Initial storm environment estimates were provided by SPC’s hourly surface objective analysis grids, which uses the RUC as a background field and incorporates surface observations into the analysis to provide estimates of convective storm parameters such as CAPE, CIN, wind shear, helicity, etc. The environment for each official storm report from 2003-2006 was estimated using the analysis values from the nearest grid point at the most recent analysis time before the report. These analysis values were placed into a PostgreSQL database, allowing the data to be retrieved and displayed in many different combinations and formats. In order to assess the soundness of the objective analysis, sounding data from 2003-2006 was entered into the database so that comparisons could be performed. This analysis is underway; preliminary results suggest that the objective analysis provides good estimates of the environment in most but not all cases. It is also planned in the near future to add North American Regional Reanalysis (NARR) data to the database. The NARR data would potentially provide estimates of storm environments back to 1979, assuming that it proves to accurately estimate convective parameters.

This project is ongoing.

Publications
Dean, A.R., and D. Imy, 2006: A look at the tornado and tornado watch climatology for the continental United States from 1986- 2005. 23rd Conf. on Severe Local Storms, St. Louis, MO, Amer. Meteor. Soc., CD-ROM.

Dean, A.R., and J.T. Schaefer, 2006: PDS watches: How dangerous are these “particularly dangerous situations?” 23rd Conf. on Severe Local Storms, St. Louis, MO, Amer. Meteor. Soc., CD-ROM.

Dean, A.R., and J.T. Schaefer, 2006: The skill of forecasting relatively isolated severe thunderstorm events. 18th Conf. on Probability and Statistics in the Atmospheric Sciences, Atlanta, GA, Amer. Meteor. Soc., CD-ROM.

Dean, A.R., R.S. Schneider, and J.T. Schaefer, 2006: Development of a comprehensive severe weather forecast verification system at the Storm Prediction Center. 23rd Conf. on Severe Local Storms, St. Louis, MO, Amer. Meteor.
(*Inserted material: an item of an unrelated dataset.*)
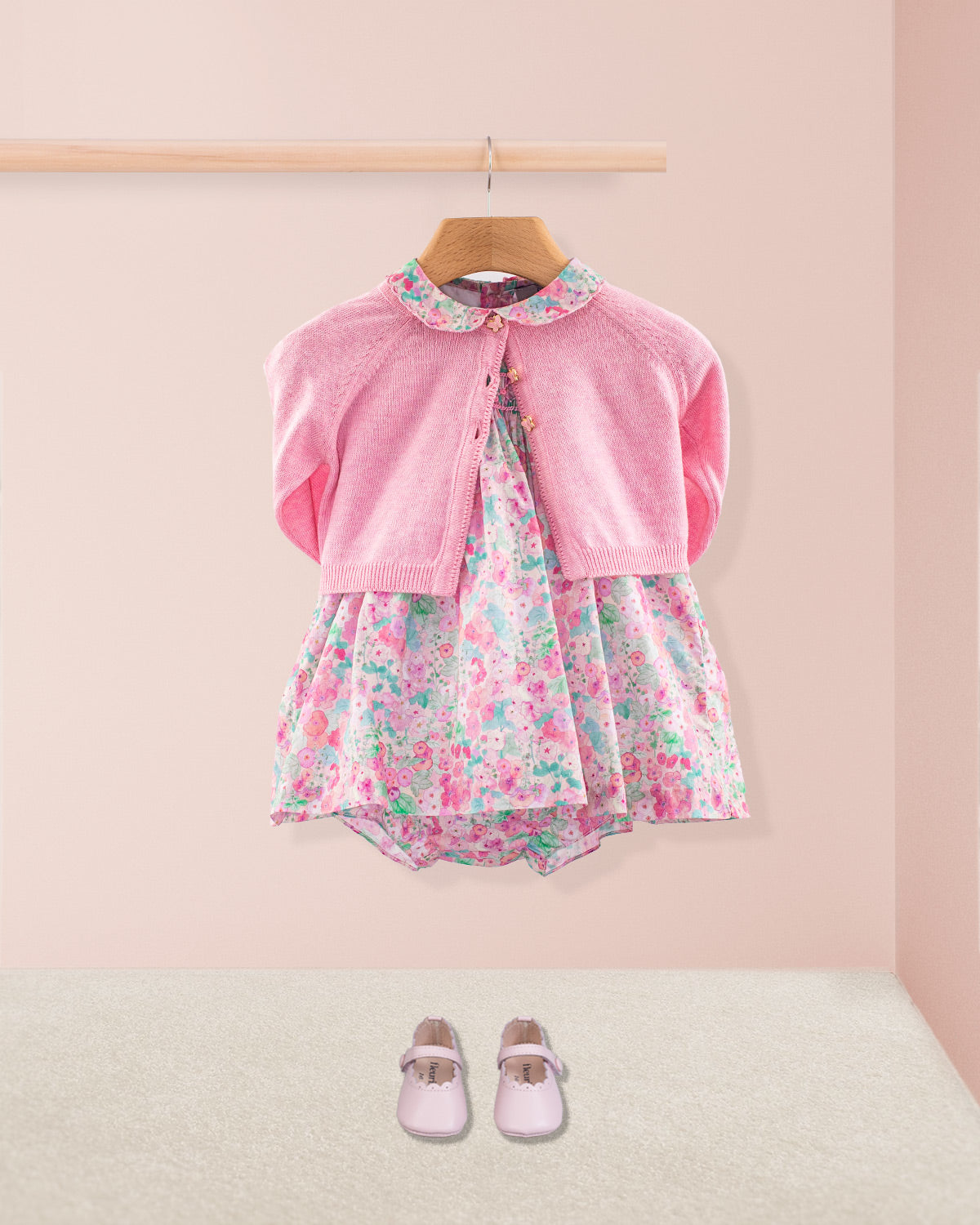 Baby Madeline Liberty Hollyhocks Pink Set - Baby Dress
Soc., CD-ROM.

Locations of reports from 2003-2006 that occurred in relatively low CAPE, high shear, low LCL environments, based on environmental estimates from SPC's surface objective analysis.

Locations of reports from 2003-2006 that occurred in relatively low CAPE, high shear, low LCL environments, based on environmental estimates from SPC's surface objective analysis.